Prompt:
Your answer should consist of every line from the records that holds the string "Before".

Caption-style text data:
------------------------------------------------------------------------

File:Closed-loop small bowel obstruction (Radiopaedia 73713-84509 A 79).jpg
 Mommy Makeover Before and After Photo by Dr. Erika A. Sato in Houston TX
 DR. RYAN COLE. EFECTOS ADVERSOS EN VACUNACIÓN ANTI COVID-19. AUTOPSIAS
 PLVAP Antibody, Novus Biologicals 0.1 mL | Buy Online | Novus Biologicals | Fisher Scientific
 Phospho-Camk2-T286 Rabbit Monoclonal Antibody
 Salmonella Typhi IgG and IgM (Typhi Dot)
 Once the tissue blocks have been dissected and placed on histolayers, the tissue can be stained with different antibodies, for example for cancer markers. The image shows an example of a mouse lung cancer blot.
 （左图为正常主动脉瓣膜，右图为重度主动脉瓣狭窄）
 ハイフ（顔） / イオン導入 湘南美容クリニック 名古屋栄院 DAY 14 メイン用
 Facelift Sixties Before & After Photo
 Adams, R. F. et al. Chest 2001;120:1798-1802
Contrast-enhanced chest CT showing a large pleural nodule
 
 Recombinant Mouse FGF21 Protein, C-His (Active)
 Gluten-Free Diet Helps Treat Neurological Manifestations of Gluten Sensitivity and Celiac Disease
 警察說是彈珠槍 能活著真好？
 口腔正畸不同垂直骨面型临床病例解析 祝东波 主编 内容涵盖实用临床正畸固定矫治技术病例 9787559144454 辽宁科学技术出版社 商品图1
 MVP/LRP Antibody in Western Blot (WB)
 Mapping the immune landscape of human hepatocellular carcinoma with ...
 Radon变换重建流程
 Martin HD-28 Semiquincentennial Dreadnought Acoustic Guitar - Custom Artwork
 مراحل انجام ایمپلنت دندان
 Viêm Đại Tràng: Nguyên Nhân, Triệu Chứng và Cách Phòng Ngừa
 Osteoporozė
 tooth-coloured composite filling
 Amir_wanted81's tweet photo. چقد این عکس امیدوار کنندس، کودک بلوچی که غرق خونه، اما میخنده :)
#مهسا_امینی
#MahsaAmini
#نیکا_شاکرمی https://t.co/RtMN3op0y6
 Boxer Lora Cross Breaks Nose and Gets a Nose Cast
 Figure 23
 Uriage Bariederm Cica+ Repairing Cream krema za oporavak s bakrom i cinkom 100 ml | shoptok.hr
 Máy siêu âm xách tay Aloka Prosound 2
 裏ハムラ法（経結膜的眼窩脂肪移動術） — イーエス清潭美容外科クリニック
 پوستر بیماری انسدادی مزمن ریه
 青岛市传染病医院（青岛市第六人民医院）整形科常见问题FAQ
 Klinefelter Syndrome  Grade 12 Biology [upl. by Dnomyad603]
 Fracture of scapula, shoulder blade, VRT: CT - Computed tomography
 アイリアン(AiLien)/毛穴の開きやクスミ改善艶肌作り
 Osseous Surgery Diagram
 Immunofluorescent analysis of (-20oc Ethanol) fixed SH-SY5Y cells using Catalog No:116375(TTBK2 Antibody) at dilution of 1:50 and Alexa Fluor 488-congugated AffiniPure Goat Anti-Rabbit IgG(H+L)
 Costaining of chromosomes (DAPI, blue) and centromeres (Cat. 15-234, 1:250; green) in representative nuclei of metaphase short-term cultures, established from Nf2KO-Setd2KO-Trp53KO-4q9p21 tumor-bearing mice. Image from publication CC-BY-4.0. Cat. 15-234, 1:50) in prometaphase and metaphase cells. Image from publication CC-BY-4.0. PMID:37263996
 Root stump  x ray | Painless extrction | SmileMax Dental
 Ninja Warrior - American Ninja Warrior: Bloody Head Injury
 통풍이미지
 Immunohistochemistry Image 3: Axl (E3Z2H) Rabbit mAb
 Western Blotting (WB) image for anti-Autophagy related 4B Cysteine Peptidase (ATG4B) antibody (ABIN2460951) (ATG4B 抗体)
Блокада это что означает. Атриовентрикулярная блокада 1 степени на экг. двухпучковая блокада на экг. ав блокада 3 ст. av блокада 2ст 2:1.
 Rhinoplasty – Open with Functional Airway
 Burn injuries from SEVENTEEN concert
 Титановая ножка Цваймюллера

------------------------------------------------------------------------

Finished task:
 Mommy Makeover Before and After Photo by Dr. Erika A. Sato in Houston TX
 Facelift Sixties Before & After Photo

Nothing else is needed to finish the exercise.